Prompt. Restate verbatim the span of lines below between the line with "Renault Scénic 1.5" and the line with "230 School St, Groveland, MA 01834", including those two lines, and only that span.

Saved entries:

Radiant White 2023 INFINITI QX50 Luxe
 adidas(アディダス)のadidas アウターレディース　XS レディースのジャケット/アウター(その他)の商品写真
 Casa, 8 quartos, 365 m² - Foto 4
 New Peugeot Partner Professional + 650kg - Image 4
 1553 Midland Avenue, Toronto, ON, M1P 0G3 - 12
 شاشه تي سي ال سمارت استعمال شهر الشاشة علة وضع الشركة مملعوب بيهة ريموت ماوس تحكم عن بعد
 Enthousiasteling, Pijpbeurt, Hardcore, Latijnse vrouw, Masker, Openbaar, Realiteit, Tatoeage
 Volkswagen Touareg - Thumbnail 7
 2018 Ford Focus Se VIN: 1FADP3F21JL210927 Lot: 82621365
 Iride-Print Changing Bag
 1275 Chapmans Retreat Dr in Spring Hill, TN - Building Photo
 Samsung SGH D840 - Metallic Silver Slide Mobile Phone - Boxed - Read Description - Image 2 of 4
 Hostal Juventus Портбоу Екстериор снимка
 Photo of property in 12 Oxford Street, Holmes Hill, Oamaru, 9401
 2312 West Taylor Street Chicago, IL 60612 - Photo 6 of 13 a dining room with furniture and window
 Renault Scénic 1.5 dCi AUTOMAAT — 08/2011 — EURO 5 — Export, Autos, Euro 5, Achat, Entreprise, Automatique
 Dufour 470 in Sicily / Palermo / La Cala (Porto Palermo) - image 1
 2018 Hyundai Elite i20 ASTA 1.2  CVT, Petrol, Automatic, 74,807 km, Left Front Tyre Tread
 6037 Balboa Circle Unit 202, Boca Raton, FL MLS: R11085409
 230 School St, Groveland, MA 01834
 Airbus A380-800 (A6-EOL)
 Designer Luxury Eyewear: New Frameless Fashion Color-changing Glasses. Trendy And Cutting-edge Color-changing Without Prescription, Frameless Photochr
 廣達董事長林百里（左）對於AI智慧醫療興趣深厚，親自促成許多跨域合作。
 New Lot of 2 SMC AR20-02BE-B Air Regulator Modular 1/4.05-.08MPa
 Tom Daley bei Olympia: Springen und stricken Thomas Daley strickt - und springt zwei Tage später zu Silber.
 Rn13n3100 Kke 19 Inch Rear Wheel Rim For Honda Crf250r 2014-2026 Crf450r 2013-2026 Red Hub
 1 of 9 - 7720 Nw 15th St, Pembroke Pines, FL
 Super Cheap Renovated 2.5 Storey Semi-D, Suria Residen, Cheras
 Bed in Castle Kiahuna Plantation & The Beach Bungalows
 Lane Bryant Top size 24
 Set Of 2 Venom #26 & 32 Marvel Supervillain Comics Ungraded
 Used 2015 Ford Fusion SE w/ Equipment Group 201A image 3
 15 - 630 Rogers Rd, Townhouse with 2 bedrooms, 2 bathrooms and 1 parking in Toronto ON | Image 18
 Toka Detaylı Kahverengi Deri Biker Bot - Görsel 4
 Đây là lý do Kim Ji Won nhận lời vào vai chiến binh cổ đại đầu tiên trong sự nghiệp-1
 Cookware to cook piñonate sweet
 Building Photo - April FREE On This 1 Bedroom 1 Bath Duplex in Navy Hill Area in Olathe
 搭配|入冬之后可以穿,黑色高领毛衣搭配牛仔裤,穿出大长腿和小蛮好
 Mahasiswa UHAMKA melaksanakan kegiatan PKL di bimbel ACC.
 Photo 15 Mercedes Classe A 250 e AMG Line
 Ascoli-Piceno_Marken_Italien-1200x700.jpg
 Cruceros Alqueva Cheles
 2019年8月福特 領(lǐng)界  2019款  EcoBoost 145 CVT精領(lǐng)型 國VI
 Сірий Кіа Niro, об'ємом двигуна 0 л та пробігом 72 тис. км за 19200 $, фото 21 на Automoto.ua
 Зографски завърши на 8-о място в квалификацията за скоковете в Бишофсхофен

Solution below.
 Renault Scénic 1.5 dCi AUTOMAAT — 08/2011 — EURO 5 — Export, Autos, Euro 5, Achat, Entreprise, Automatique
 Dufour 470 in Sicily / Palermo / La Cala (Porto Palermo) - image 1
 2018 Hyundai Elite i20 ASTA 1.2  CVT, Petrol, Automatic, 74,807 km, Left Front Tyre Tread
 6037 Balboa Circle Unit 202, Boca Raton, FL MLS: R11085409
 230 School St, Groveland, MA 01834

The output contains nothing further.